Problem: When you reach the line that contains "Mega Yapıdan Yeniçiftlikte", begin copying exactly and continue through the last line below. Do not copy pictures.

Records to use:
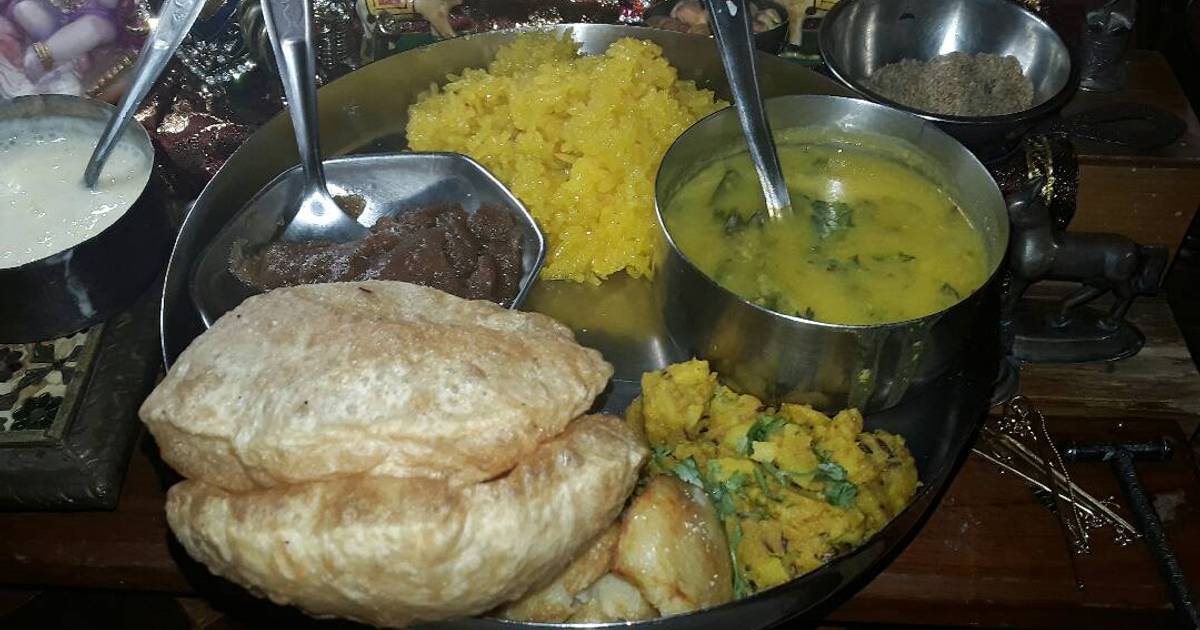 Meethe chawal,Teen dal Curry,Wheat flour Sheera Recipe by Nita Bhatia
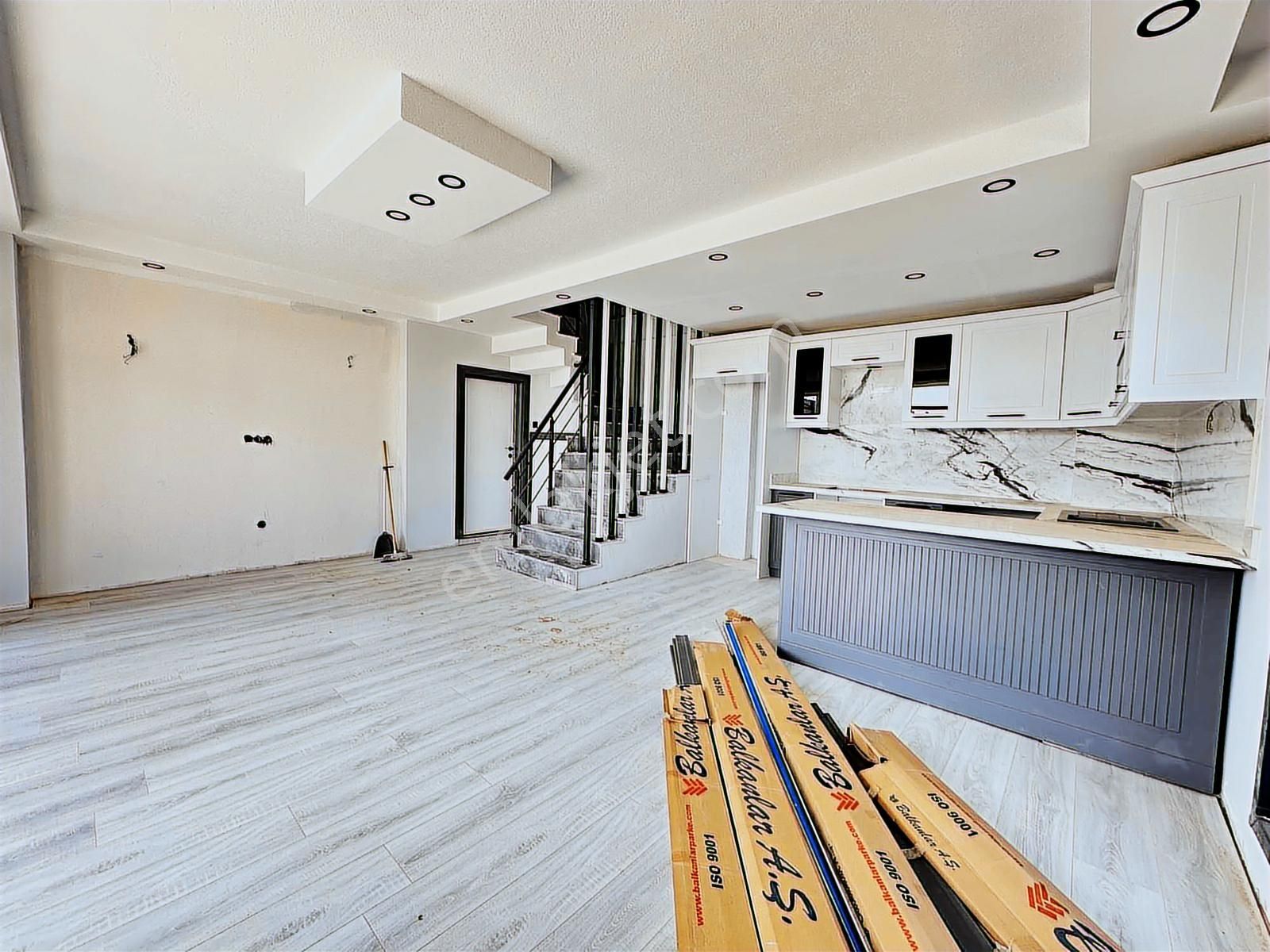 Mega Yapıdan Yeniçiftlikte Parka Cephe Deniz Mnz. 4+1 Lüx Villa - Görsel 22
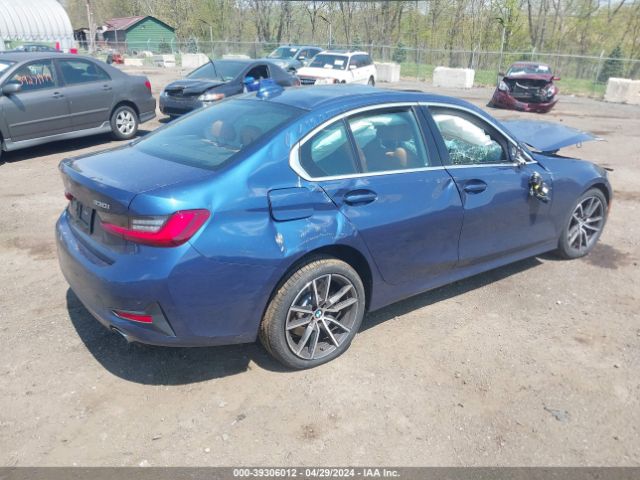 Photo 3 VIN: 3MW5R7J0XN8C38693 - BMW 330I 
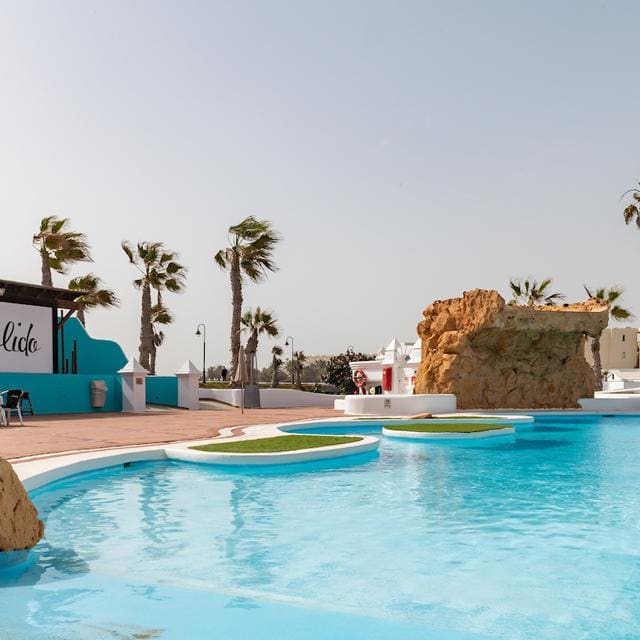 Grupotel Flamingo Beach in Playa Blanca: direct aan het strand met ruimte voor het hele gezin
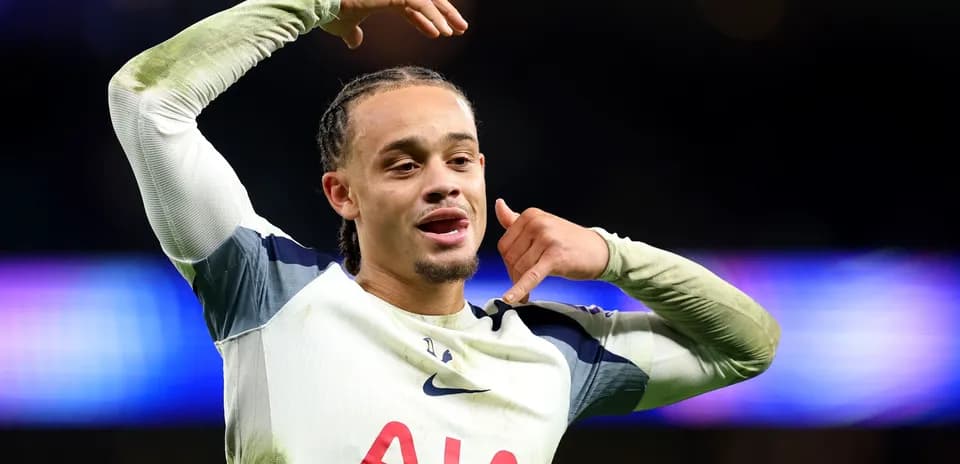 Futbolçu qol vurduqdan sonra telefon işarəsi edir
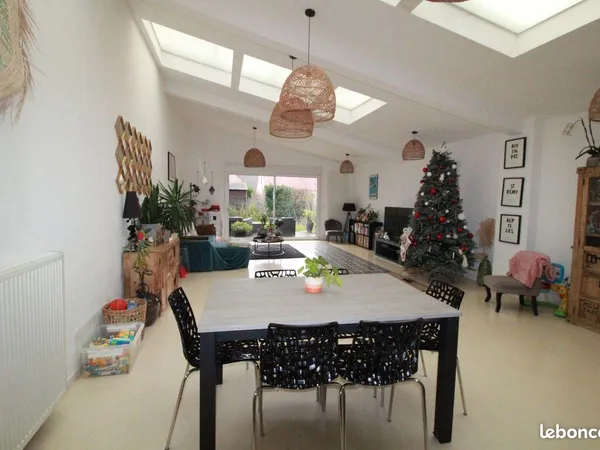 Maison 7 pièces 175 m²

Answer section:
 Mega Yapıdan Yeniçiftlikte Parka Cephe Deniz Mnz. 4+1 Lüx Villa - Görsel 22
 Photo 3 VIN: 3MW5R7J0XN8C38693 - BMW 330I 
 Grupotel Flamingo Beach in Playa Blanca: direct aan het strand met ruimte voor het hele gezin
 Futbolçu qol vurduqdan sonra telefon işarəsi edir
 Maison 7 pièces 175 m²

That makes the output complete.